Lahoti had watched a women’s cricket World Cup match between England and New Zealand in 2009 and had been following them ever since, but could never get enough on any medium so he took this stage to promote women’s cricket. Decided to focus on the place. Lahoti says that he keeps track of every cricket match played anywhere in the world. He has five million users of the website and during the recent World Cup, he saw seven million impressions. About 80% of their market comes from India, followed by the UK and Australia. She said that the whole idea was to give due credit and attention to women, and is sure that there is no platform like her anywhere in the world.

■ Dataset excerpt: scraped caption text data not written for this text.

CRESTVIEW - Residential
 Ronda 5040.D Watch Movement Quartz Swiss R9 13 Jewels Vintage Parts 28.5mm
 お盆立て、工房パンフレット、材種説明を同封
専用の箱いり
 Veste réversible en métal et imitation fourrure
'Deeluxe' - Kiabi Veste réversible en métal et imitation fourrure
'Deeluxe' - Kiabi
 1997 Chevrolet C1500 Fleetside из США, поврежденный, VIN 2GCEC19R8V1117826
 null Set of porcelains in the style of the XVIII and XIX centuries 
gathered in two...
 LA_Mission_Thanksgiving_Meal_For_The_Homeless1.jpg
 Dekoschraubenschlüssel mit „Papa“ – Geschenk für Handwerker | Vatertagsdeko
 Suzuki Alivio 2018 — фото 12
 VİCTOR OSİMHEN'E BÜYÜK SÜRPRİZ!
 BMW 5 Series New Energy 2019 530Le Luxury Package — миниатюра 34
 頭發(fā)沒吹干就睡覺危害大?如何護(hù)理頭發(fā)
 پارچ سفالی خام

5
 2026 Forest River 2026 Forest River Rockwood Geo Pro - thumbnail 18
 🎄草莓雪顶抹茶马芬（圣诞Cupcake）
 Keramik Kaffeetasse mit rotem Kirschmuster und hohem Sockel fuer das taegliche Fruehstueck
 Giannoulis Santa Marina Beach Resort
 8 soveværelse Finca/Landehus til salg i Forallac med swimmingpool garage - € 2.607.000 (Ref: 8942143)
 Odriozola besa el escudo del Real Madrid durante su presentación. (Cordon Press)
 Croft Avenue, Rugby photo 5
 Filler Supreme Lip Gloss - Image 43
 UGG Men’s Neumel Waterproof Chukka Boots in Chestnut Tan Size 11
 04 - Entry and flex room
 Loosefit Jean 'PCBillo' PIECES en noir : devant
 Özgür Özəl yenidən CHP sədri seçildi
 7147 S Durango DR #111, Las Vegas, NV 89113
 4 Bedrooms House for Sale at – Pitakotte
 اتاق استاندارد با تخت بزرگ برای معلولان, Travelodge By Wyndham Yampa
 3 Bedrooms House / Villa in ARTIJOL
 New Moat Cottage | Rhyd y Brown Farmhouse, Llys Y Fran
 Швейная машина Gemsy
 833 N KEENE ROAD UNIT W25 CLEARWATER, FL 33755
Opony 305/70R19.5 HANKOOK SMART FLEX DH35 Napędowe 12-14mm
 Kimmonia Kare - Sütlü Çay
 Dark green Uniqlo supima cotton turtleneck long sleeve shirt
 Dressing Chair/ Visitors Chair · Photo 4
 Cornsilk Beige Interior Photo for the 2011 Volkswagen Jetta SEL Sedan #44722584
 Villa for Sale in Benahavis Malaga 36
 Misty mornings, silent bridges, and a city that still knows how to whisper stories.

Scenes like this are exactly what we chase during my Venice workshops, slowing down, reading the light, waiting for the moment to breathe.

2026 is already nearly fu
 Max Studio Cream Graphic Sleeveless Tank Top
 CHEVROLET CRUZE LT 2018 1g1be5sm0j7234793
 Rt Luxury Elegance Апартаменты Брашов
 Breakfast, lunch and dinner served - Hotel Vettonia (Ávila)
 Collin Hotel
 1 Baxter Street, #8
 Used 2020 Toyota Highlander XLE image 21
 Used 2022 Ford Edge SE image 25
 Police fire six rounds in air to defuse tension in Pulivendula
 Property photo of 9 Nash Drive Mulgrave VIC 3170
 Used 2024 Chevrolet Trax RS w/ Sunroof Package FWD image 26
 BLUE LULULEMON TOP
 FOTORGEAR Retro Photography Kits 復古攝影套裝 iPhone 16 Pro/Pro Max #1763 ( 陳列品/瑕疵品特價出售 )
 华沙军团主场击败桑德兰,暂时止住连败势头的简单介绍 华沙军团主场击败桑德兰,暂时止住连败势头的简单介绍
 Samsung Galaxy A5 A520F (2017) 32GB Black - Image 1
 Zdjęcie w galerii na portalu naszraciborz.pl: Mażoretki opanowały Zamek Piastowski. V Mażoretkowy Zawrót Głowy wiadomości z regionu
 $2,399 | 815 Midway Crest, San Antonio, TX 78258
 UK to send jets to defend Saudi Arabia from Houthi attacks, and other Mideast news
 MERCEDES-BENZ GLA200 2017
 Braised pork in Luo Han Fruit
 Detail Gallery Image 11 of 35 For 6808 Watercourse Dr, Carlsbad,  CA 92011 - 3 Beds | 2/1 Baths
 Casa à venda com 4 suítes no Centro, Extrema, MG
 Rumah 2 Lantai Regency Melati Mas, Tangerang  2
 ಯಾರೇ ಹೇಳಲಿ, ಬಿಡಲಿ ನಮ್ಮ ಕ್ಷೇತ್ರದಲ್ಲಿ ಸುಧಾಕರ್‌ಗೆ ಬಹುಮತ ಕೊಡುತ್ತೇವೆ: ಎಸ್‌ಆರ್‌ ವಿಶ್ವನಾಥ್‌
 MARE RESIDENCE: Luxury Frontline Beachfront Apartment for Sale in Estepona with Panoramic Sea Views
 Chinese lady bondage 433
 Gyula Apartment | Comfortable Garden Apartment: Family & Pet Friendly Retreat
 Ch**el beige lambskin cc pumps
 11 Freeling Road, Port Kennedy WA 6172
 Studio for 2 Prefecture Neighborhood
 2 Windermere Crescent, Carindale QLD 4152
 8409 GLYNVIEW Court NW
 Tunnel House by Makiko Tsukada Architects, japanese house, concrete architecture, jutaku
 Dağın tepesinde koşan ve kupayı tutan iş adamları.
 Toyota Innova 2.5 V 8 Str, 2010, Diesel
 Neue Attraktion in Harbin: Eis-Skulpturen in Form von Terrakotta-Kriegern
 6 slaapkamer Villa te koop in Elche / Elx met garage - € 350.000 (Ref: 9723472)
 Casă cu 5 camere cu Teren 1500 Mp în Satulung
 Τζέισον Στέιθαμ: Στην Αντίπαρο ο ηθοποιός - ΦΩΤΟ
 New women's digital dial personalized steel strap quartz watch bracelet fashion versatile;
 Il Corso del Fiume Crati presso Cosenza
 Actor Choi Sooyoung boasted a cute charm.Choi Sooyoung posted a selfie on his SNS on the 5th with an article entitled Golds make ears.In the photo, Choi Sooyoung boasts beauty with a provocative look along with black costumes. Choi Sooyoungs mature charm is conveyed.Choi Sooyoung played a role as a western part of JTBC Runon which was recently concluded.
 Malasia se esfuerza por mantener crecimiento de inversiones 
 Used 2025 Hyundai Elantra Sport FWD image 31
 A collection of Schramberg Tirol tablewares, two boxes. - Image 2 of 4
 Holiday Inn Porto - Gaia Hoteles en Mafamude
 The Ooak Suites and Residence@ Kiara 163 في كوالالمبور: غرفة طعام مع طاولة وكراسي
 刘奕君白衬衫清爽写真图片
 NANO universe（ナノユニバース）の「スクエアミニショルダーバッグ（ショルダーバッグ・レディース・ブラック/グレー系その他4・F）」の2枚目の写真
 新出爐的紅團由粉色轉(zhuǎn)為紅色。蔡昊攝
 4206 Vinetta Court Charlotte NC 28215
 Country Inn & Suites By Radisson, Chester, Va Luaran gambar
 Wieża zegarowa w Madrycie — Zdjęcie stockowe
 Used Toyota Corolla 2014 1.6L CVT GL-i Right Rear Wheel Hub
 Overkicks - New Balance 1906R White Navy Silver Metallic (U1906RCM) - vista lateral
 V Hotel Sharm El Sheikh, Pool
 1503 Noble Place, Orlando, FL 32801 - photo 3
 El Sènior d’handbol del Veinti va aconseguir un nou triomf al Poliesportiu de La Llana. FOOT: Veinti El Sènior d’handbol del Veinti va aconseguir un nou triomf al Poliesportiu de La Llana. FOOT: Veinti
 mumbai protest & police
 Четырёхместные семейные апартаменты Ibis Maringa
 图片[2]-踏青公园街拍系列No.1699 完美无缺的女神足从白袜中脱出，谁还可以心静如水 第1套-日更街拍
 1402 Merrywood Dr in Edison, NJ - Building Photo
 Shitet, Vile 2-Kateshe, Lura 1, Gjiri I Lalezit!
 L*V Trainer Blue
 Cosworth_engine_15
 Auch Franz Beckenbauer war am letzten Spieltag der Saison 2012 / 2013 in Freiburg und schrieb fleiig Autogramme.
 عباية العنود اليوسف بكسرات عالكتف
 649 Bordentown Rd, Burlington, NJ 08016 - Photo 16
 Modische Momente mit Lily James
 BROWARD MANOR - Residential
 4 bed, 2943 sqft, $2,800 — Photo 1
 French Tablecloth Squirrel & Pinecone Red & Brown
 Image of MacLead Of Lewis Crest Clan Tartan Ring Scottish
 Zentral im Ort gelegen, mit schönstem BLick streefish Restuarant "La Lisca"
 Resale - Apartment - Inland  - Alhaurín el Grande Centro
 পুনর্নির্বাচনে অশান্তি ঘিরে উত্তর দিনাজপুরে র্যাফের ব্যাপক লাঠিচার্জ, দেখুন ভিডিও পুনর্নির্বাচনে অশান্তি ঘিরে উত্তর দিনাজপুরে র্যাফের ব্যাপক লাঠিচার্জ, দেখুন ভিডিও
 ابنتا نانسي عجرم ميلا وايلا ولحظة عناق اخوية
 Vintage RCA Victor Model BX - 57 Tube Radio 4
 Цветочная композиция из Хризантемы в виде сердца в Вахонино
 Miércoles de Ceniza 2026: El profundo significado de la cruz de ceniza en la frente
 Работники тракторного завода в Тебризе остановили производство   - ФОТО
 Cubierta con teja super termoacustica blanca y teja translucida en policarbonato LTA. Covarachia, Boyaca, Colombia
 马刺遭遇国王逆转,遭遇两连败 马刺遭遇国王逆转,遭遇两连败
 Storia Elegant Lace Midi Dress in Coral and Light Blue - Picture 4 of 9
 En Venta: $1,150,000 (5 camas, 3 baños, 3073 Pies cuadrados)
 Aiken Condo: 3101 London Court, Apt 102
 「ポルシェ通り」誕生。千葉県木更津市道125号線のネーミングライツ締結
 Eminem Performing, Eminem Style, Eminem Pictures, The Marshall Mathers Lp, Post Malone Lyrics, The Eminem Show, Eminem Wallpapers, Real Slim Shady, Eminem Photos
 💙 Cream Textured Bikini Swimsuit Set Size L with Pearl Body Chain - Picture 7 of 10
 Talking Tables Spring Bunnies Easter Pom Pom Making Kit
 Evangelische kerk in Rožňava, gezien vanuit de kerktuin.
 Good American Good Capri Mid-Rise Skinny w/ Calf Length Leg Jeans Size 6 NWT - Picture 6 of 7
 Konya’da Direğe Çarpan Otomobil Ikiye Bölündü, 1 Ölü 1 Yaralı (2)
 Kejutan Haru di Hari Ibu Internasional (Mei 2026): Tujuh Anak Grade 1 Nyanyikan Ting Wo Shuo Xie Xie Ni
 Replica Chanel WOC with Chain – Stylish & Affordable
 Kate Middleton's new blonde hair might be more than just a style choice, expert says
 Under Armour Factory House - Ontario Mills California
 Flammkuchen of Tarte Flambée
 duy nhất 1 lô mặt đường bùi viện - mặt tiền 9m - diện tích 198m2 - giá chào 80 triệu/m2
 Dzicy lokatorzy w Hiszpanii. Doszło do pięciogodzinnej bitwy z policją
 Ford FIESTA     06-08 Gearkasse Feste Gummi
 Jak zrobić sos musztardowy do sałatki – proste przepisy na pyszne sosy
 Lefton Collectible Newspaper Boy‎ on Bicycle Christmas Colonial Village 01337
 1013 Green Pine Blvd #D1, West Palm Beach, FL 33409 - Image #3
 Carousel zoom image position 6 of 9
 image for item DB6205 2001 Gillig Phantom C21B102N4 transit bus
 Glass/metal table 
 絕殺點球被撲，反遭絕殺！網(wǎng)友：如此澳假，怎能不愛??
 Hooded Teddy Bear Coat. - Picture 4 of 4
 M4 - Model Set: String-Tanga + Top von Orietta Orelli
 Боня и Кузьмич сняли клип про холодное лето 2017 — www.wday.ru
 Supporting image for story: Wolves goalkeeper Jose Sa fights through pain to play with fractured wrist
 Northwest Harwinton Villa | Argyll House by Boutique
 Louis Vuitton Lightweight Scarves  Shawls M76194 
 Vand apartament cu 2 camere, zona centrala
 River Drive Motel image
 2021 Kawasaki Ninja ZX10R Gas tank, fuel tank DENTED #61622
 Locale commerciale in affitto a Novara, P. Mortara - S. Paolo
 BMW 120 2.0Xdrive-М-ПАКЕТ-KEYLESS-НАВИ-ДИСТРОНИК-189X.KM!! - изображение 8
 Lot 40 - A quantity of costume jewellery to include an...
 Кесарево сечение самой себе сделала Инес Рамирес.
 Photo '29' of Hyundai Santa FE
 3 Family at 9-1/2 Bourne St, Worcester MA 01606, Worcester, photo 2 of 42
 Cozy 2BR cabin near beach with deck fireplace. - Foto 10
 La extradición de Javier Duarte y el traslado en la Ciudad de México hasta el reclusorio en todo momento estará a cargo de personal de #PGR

Lahoti says that the 2017 Women’s World Cup in England was the turning point with 180 million, of which 156 million belonged to India. The Indian team finished as runners-up, but it was enough to make Lahoti feel that it would grow faster in the future and he started the venture in 2018. Since then, he has been building a team, setting up his office, launching the bi-annual well-printed as an e-magazine dedicated to women’s cricket. Highlighting the women cricketers and their achievements, they held the first of its kind awards for women players. Advertising is the main source of revenue and the current halt on all types of live sports has not been affected as Lahoti believes things will get back on track. A new round of funding has helped.

Breaking Boundaries, which runs, has just raised an undisclosed amount from angel investors in its round-up, including international cricketer Kedar Jadhav. The round was led by Pune-based Hodec Ventures. The round saw participation of individual angel investor Praveen Bhalerao, former ED of IIFL Wealth, Indranil Chitale of Chitle Bandhu Mitthawale and director Reena Lahoti of Hyderabad, AMP and Om. The company had previously conducted pre-round rounds with angel investors and criminal lawyers Chinmoy Bhosle and Reena Lahoti. Jadhav says that women’s cricket needs all kinds of support and is playing an important role in popularizing the sport and highlighting the player’s achievements. For Jadhav, it was also a way of giving back to the sport that has been his life. According to Hodek Ventures director, Abhijeet Khanwilkar, women’s cricket was on a rapid growth trend in the country and would definitely grow further in the next decade. Legoglik Consulting, a full-service law firm based in Pune, advised the women’s crickzone to structure, conduct due diligence, negotiate and finalize the deal.

Breaking Boundaries also received capital and incubation support from capital-based Posiviv Ventures, an early-stage investment accelerator arm of Posiviv Consulting, an investment banking firm and promoted by Prajakta Shetty-Dev, Vineet Dev and Kailash Mundra.

Lahoti says that the ICC and BCCI have invested a lot of money and resources to promote women’s cricket and people are also responding to women’s cricket and though only 10% of those who follow men’s cricket follow women’s cricket But it will continue to grow and a women’s IPL will be the ultimate game changer.